Anche nelle vicende recenti che risultano impenetrabili per i grandi intelligentoni della pseudoscienza borghese, il marxismo rivoluzionario riceve la sua ennesima dimostrazione e conferma. Comprendere come dal “liberismo” monopolistico successivo alla Seconda guerra mondiale si sia passati al neo-protezionismo degli anni ‘70 e quindi di nuovo al “liberismo” della globalizzazione della metà degli anni ‘80 e da questo al protezionismo di Trump, è infatti possibile solo con il ricorso all’analisi scientifica marxista.
“Secondo la concezione materialistica della storia, il fattore in ultima istanza determinante nella storia è la produzione e riproduzione della vita reale. La situazione economica è la base, ma i diversi fattori della sovrastruttura – forme politiche della lotta di classe e suoi risultati, costituzioni introdotte dalla classe vittoriosa dopo vinta la battaglia, ecc., forme giuridiche, e persino i riflessi di tutte queste lotte reali nel cervello di chi vi partecipa, teorie politiche, giuridiche, filosofiche, concezioni religiose e loro ulteriore svolgimento in sistemi di dogmi – esercitano pure la loro influenza sul corso delle lotte storiche, e in molti casi ne determinano decisamente la forma. V’è azione e reazione fra tutti questi fattori, azione e reazione attraverso la quale il movimento economico si afferma in ultima istanza come elemento necessario entro l’infinita congerie di casi accidentali.

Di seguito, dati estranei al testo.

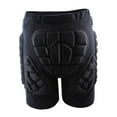 thumbnail image 4 of OUNONA Riding Protective Gear Impact Resistance Black Sports Pants 1Set, 4 of 8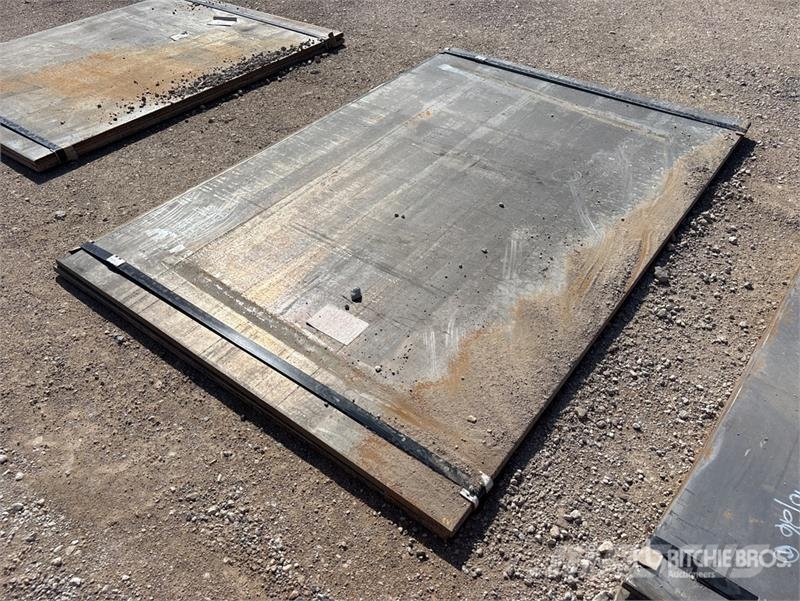 Quantity of (2) Kit Containers Steel 5 ft x 7 ft Other components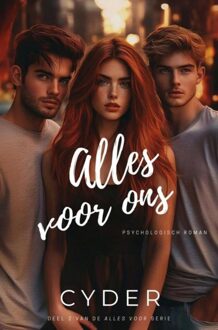 Brave New Books Alles voor ons - Cindy Devijver - ebook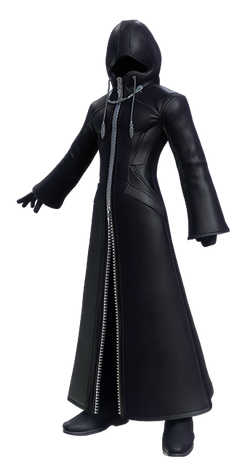 Black Coat in Kingdom Hearts III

“Gli uomini fanno essi stessi la loro storia, ma finora neppure in una determinata società ben delimitata, non con una volontà collettiva, secondo un piano d’assieme. I loro sforzi si intersecano contrastandosi e, proprio per questo, in ogni società di questo genere regna la necessità, il cui complemento e la cui forma di manifestazione è l’accidentalità. La necessità che s’impone attraverso ogni accidentalità è di nuovo, in fin dei conti, quella economica. […] Lo stesso vale per tutti gli altri fatti casuali o apparentemente casuali nella storia. Quanto più il terreno che stiamo indagando si allontana dall’economico e si avvicina al puro e astrattamente ideologico, tanto più troveremo che esso presenta nella sua evoluzione degli elementi fortuiti, tanto più la sua curva procede a zig-zag. Ma se lei traccia l’asse mediana della curva, troverà che quanto più lungo è il periodo in esame, quanto più esteso è il terreno studiato, tanto più questo asse corre parallelo all’asse della evoluzione economica” [7].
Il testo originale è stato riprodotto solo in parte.